Chinese Internet vigilantes have launched a hunt for a self-professed British bounder who has sparked outrage by blogging about his seduction of women in Shanghai. The campaign to uncover the identity of the blogger and have him kicked out of China is the latest in a series of online denunciations that have drawn comparisons with the humiliations inflicted by mobs during the Cultural Revolution.
Traffic on the Sex and Shanghai blog had surged from 500 hits to more than 17,000, thanks to a swarm of castration threats, anti-British rants and attacks on women who sleep with foreigners.
However, a person responding to an e-mail to a contact address on the site said the authors were a group of performance artists who had fabricated its content as an investigation into online vigilante behavior.
authors surprised
"We did not anticipate quite the level of anger this would raise," said the message, which said the authors behind the cyber name "Chinabounder" included a British man, an Australian woman, two Chinese men and a Japanese woman.
The message said the blog had been closed out of concern for the safety of the group's Chinese members and ordinary expatriates in Shanghai.
The English-language blog was inaccessible yesterday, but a cached page could still be read through the Google search engine.
Along with mildly lurid accounts of dates with Chinese women, it contained irreverent comments about Chinese society, and some on the controversy generated by the blog.
The campaign against the blog was launched on Friday by Zhang Jiehai, professor of psychology in the Shanghai Academy of Social Sciences under a post titled "The Internet Hunt for an Immoral Foreigner."
kicked out
"I have something to tell Chinese men: please think about how these foreign trash have dallied with your sisters and made fun of your impotence," he wrote. "This piece of human garbage must be found and kicked out of China!!!"
Encouraging "netizens and patriots" to investigate the people and the places mentioned in the blog, he set a goal of expelling "Chinabounder" by Oct. 1. More than 1,500 people are now visiting Zhang's site every hour.

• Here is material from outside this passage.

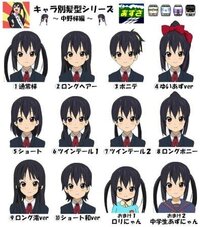 どの梓が好きですか 僕は 中学生あずにゃんが好きです Yahoo 知恵袋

Numerous reader postings on Zhang's blog supported his call for a manhunt, often in highly profane terms.
"This kind of garbage, chop his head off," wrote one who signed as "sanipuga."
"Pardon me, but I think these women are also garbage, national scum," said another, signed "Jiehuo."
"Trial by virtual lynching has become the norm in China's cyberspace community," Raymond Zhou wrote in a comment article in China Daily after previous mass campaigns.
He added: "Online flaming wars exist everywhere, facilitated by anonymity. But in China they may have a self-propelling force that sweeps thousands, sometimes millions, into a frenzy. It is nearly impossible, even for the most respected scholars, to give voice to dissension."